Since 1 January 2016, banks and insurance companies must comply with the new Eckert law, which aims to improve protection for savers and the beneficiaries of life insurance policies. What’s behind its introduction?
Vladimir Nguekam: Despite a law passed in 2007 aiming to force insurance companies to identify deceased policy-holders, four well-known insurers were fined a total of 103 million euro between April 2014 and June 2015 by the French supervisory authority ACPR for failing to meet the demands of this law. So since 1 January 2016, new obligations imposed by the Eckert law require more stringent efforts by banks and insurers to trace the owners of dormant accounts and the beneficiaries and heirs of unclaimed policies that currently total 4 billion euro in France*
Why are banks and insurance companies finding it so difficult to trace beneficiaries?
Vladimir Nguekam: Two major problems are the reliability of databases and outdated administration processes. Most information systems consist of multiple subsystems and more or less dated technologies. A customer database containing erroneous or incomplete information entails the deployment of vast resources to be certain that an owner is still living. In terms of administration processes employed, almost all the players concerned are still using office automation tools such as Microsoft Excel to manage their dormant accounts and unclaimed policies. These tools do not lend themselves to a collaborative approach or make it easy to trace the successive stages of handling these cases. The difficulty of providing a full history of the administrative processes involved is one of the main reasons for the penalties imposed by the regulator.
What is the solution for bringing banks and insurers into compliance with the Eckert law?

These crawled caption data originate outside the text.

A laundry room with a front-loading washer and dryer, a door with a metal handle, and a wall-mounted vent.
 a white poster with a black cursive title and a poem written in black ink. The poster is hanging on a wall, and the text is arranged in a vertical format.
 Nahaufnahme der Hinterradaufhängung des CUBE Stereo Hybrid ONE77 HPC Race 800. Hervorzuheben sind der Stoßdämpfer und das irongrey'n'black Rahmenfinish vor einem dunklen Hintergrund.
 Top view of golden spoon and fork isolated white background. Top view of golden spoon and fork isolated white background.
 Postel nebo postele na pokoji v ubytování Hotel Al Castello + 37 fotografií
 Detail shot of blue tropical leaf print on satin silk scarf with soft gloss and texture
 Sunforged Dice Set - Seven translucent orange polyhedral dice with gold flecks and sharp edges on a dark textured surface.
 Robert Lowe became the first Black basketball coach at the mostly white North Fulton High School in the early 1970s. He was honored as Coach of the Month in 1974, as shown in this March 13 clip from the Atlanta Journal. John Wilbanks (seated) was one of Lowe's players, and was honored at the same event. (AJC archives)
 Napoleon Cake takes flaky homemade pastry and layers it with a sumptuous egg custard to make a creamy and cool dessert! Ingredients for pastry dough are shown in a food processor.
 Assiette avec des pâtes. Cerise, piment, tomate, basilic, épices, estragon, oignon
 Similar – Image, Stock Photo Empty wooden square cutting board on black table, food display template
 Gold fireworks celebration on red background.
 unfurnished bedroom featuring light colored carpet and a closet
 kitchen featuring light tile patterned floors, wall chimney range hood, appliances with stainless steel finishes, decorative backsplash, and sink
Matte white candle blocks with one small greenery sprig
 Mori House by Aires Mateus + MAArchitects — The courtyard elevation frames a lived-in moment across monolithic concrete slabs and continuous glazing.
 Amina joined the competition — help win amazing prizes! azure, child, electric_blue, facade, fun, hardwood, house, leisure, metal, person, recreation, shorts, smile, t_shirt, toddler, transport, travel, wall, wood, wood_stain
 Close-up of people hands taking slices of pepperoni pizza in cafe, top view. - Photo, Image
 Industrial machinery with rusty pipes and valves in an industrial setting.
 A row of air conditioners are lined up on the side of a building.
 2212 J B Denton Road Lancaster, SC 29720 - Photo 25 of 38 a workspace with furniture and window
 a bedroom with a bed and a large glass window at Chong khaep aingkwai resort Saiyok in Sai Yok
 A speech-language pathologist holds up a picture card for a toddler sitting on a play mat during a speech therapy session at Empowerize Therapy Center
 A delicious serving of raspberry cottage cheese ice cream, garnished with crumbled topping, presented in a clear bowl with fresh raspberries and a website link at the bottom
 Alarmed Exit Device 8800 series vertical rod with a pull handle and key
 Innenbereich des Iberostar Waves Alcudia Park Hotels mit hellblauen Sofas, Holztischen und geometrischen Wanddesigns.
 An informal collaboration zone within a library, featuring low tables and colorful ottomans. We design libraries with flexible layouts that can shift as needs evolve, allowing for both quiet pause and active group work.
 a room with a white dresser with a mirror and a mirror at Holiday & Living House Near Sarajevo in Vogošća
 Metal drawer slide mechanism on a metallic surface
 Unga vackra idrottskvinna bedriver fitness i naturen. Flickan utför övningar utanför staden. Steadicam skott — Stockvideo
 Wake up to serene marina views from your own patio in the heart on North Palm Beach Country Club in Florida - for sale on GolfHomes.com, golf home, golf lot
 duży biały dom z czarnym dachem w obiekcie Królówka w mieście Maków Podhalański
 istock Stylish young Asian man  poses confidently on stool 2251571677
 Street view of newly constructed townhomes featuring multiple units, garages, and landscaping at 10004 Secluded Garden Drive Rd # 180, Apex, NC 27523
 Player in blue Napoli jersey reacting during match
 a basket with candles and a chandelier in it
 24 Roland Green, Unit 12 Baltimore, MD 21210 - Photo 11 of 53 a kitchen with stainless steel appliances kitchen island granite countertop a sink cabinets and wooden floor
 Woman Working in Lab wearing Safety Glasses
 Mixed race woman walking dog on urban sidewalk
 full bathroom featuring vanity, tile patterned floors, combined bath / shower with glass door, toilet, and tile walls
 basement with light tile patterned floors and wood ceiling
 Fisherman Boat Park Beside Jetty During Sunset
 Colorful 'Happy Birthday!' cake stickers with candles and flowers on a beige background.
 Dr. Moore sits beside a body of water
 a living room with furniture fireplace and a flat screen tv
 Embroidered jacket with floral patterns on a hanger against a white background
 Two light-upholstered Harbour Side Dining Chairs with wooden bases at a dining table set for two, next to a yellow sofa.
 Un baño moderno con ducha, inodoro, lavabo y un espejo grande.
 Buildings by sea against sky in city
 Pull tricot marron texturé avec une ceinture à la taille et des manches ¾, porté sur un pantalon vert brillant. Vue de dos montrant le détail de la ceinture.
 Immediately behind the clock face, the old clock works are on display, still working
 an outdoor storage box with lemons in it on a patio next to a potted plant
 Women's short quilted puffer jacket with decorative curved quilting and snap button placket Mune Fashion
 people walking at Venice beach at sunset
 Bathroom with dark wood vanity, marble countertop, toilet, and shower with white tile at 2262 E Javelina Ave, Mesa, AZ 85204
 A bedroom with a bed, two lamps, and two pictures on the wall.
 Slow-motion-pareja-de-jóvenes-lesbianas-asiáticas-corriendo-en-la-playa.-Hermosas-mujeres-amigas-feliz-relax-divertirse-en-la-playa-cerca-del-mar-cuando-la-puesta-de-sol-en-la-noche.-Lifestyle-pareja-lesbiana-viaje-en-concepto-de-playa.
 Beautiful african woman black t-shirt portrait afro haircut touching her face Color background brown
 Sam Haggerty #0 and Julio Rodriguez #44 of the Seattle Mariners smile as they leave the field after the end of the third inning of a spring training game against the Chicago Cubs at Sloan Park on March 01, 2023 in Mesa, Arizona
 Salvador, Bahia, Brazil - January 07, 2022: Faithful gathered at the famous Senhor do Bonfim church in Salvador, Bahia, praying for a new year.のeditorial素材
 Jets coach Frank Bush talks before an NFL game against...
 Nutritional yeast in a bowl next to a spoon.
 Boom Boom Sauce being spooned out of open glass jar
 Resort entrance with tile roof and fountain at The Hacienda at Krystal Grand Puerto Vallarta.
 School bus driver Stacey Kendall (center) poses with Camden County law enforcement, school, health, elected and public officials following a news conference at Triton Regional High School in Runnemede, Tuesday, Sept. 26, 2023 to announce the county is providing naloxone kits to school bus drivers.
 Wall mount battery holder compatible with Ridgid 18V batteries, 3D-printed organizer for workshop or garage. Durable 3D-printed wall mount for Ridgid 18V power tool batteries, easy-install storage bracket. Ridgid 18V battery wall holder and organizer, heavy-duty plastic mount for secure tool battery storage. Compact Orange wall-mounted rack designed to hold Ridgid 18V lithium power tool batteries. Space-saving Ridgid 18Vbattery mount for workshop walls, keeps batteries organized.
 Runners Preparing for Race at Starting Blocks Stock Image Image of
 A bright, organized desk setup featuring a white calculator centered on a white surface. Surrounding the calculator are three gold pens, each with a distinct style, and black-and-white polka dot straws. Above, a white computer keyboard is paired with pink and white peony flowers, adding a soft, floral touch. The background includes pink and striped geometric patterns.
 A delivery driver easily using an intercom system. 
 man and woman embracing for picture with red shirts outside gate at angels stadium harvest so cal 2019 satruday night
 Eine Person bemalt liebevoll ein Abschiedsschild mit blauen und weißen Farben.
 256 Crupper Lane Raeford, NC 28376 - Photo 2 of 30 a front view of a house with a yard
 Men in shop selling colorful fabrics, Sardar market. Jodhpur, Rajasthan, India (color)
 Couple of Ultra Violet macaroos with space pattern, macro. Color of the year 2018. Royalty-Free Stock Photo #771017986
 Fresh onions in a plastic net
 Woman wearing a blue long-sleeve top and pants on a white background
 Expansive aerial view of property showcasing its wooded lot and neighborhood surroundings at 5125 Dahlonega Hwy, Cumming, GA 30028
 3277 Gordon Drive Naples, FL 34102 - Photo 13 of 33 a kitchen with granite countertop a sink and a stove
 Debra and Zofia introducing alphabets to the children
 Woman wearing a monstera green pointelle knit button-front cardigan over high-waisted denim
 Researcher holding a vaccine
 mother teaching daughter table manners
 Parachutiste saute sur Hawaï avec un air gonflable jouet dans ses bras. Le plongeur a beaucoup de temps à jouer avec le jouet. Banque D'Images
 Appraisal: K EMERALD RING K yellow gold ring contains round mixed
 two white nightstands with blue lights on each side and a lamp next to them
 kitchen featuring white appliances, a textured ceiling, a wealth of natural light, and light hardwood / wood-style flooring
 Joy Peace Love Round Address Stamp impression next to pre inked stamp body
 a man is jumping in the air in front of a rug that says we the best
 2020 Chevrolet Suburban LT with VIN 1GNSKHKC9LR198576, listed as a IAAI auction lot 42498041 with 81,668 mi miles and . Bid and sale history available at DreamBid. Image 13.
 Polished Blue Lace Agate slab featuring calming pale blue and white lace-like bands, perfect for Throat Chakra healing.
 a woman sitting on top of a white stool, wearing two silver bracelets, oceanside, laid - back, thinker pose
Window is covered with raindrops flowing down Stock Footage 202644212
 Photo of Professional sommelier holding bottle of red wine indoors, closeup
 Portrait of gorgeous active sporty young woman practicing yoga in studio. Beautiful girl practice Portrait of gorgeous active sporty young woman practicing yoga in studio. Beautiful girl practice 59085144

Vladimir Nguekam: The solution is to digitalise and computerise many of the procedures that are currently causing problems. By using Big Data technologies. enterprises can map and secure the various stages in handling the documentation to enable closer monitoring of activities. It’s an approach that also provides key performance indicators that are essential for complying with the Eckert law. For example, With a single ergonomic tool, all parties concerned can take part in handling unclaimed contracts while mapping the different tasks completed. The same tool records all the administrative procedures that are carried out by all the players, enabling them to shift from a cooperative to a collaborative mode. It’s an approach that not only increases the reliability of data and speeds up procedures, but it improves performance in order to better serve customers.